Für Patient:innen, deren multiples Myelom auf bisher zugelassene Behandlungsmöglichkeiten refraktär bzw. trotz mehrerer Behandlungslinien rezidiviert (r/r MM) ist, habe man nur sehr begrenzte Therapieoptionen, erklärte Prof. Hermann Einsele, Würzburg. „Hier beginnt die Domäne der neuen zielgerichteten Immuntherapien.“ In diese Domäne würden seiner Meinung nach zudem Patient:innen mit Hochrisikokriterien fallen.
BCMA-CAR-T-Zellen hochwirksam
Als bisher einziges gegen das auf Myelomzellen selektiv exprimierte BCMA gerichtete CAR-T-Zell-Produkt ist Idecabtagen Vicleucel zugelassen. Die BCMA-CAR-T-Zell-Therapie Ciltacabtagen Autoleucel befindet sich bereits in klinischer Entwicklung: Im Update der Phase-Ib/II-Studie CARTITUDE-1 zeigte sich bei den untersuchten 97 Patient:innen mit r/r MM nach einem medianen Follow-up von zwei Jahren eine Gesamtansprechrate (ORR) von 97,9 % [1]. Der Median des progressionsfreien Überlebens (PFS) nach zwei Jahren war noch nicht erreicht, die PFS-Rate betrug 60,5 % (95%-KI 48,5–70,4). „Das sind Ergebnisse, die wir noch nicht mal mit den besten Erstlinientherapien erreicht haben und die sich hier in der durchschnittlich vierten bis sechsten Linie der Behandlung zeigen“, freute sich Einsele. Häufig traten unter der Therapie Neutropenie, Anämie, Thrombozytopenie, Leukopenie und Lymphopenie auf. Diese Nebenwirkungen führten laut Einsele aber nur selten zu schweren infektiösen Komplikationen.
Frühe CAR-T-Zell-Therapie ebenso verträglich
„Je früher im Verlauf der Erkrankung die CAR-T-Zellen entnommen werden, umso fitter sind sie und umso besser können sie im Körper der Patient:innen überleben“, erklärte Einsele. Deshalb wurden in der CARTITUDE-2-Studie 19 Patient:innen mit Ciltacabtagen Autoleucel behandelt, deren MM früh nach einer intensiven Erstlinientherapie rezidivierte. Es zeigte sich eine ORR von 95 % ohne neu auftretende Sicherheitssignale [2]. In der randomisierten Phase-III-Studie CARTITUDE-6 wird bei transplantationsfähigen MM-Patient:innen in der Erstlinie eine Behandlung mit Ciltacabtagen Autoleucel mit einer autologen Stammzelltransplantation verglichen.

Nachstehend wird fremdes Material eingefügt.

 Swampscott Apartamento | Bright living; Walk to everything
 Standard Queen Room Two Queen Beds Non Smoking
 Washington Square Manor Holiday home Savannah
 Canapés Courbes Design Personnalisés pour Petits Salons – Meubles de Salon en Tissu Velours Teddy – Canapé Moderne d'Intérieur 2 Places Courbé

Bispezifische Antikörper in klinischer Erprobung
„Es gibt inzwischen acht bispezifische Antikörper von unterschiedlichen Firmen, die in Studien beim MM eingesetzt werden. Am weitesten fortgeschritten ist der bispezifische Antikörper Teclistamab“, schätzte Einsele ein. Dieser bindet sowohl an BCMA der MM-Zellen als auch an CD3 auf der T-Zelle. In der laufenden Phase-I/II-Studie MajesTEC-1 sprachen laut Einsele nach einer medianen Nachbeobachtungszeit von fast acht Monaten 62 % der massiv vorbehandelten Patient:innen an; und nach neun Monaten waren 58,5 % immer noch in anhaltender kompletter Remission (95%-KI 48,8–67,0) [3]. Teclistamab wies ein handhabbares Sicherheitsprofil auf, Dosisreduktionen waren nicht erforderlich.
GPRC5D als neue Zielstruktur
Problematisch ist, dass „sich MM-Zellen der Überwachung durch das Immunsystem sowie den CAR-T-Zellen und bispezifischen Antikörper entziehen können – durch den biallelischen irreversiblen Verlust des BCMA-Gens“, erklärte Einsele. „Wir brauchen also andere, zusätzliche Targets, um die Immunzelltherapie noch wirksamer zu machen.“ Ein solches neues Target auf der MM-Zelle ist der G-Protein-gekoppelte Rezeptor Klasse C, Untergruppe 5, Untergruppe D (GPRC5D, „G-protein-coupled receptor class 5 member D“). Talquetamab ist bisher der einzige in der klinischen Entwicklung befindliche bispezifische Antikörper, der GPRC5D und CD3 auf der T-Zelle bindet. In der Phase-I-Studie MonumenTAL-1 mit 95 r/r-MM-Patient:innen induzierte Talquetamab eine „hohe ORR von knapp 70 % bei sehr überschaubaren Nebenwirkungen“, wie Einsele darstellte [4].